Buna göre, 5015 sayılı Kanun’un 8. maddesinin ikinci fıkrasının (a) bendinde yer alan, bayisi olduğu dağıtıcı haricinde diğer dağıtıcı ve onların bayilerinden akaryakıt ikmali yapılmaması yükümlülüğünün ihlâli hâlinde … Mahkemesi’nin verdiği iptal kararının yürürlüğe girdiği tarihten sonra yeni bir yasal düzenleme yapılmayarak bayiler için cezasızlık durumu gerçekleşmiş olup görülmekte olan bu davada lehe olan bu durumun hukuk devleti ilkesi gereği davacıya da aynen uygulanması gerekir.

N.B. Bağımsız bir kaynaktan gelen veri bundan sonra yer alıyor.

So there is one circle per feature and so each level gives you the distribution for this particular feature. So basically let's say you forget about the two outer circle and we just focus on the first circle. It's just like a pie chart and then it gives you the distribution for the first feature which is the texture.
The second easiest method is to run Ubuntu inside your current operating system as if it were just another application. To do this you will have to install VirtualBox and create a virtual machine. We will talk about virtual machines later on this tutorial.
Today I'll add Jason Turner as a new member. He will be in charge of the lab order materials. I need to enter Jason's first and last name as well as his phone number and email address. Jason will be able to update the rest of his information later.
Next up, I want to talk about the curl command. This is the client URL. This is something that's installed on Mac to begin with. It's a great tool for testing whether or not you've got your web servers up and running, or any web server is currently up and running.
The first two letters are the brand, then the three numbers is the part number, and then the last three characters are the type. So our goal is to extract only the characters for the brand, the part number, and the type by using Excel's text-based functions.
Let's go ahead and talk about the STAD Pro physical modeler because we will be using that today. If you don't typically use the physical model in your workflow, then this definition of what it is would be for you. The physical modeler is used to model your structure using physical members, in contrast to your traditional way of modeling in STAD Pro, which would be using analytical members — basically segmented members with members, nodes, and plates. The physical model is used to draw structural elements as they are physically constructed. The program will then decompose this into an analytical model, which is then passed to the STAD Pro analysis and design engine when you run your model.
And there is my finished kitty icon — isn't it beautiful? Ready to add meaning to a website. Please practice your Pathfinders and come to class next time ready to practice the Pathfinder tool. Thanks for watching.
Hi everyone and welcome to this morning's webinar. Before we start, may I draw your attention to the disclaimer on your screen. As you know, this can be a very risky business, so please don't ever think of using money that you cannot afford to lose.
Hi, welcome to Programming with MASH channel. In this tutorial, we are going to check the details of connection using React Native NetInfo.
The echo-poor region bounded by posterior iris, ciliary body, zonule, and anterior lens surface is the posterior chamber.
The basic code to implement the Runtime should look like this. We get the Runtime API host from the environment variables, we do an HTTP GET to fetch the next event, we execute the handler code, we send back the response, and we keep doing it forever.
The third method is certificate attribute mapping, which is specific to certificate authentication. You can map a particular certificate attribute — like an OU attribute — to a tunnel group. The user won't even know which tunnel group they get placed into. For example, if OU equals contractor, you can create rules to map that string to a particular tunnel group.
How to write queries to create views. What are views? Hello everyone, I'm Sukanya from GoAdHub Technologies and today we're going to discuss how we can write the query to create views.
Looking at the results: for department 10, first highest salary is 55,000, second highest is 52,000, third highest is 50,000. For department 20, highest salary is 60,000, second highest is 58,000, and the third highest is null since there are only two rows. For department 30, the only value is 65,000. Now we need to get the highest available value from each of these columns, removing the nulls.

Bu itibarla, … Mahkemesi’nce, 5015 sayılı Petrol Piyasası Kanunu’nun, 28/03/2013 tarih ve 6455 sayılı Kanun’un 44. maddesiyle değiştirilen 19. maddesinin ikinci fıkrasının (c) bendinin; “Aşağıdaki hâllerde, sorumlulara … Türk Lirası idarî para cezası verilir:” bölümünün, 5015 sayılı Kanun’un 8. maddesinin ikinci fıkrasının (a) bendi yönünden iptal edilmesi ve kanun koyucu tarafından uygulanacak yaptırım konusunda iptal kararında verilen dokuz aylık süre içerisinde herhangi bir yasal düzenleme yapılmaması karşısında, bu bendi ihlâl eden bayiler için cezasızlık durumu gerçekleştiğinden lehe olan bu hukukî durumdan davacının da yararlandırılması gerekmekte olup dava konusu işlemin iptali oyu ile karara katılmıyorum.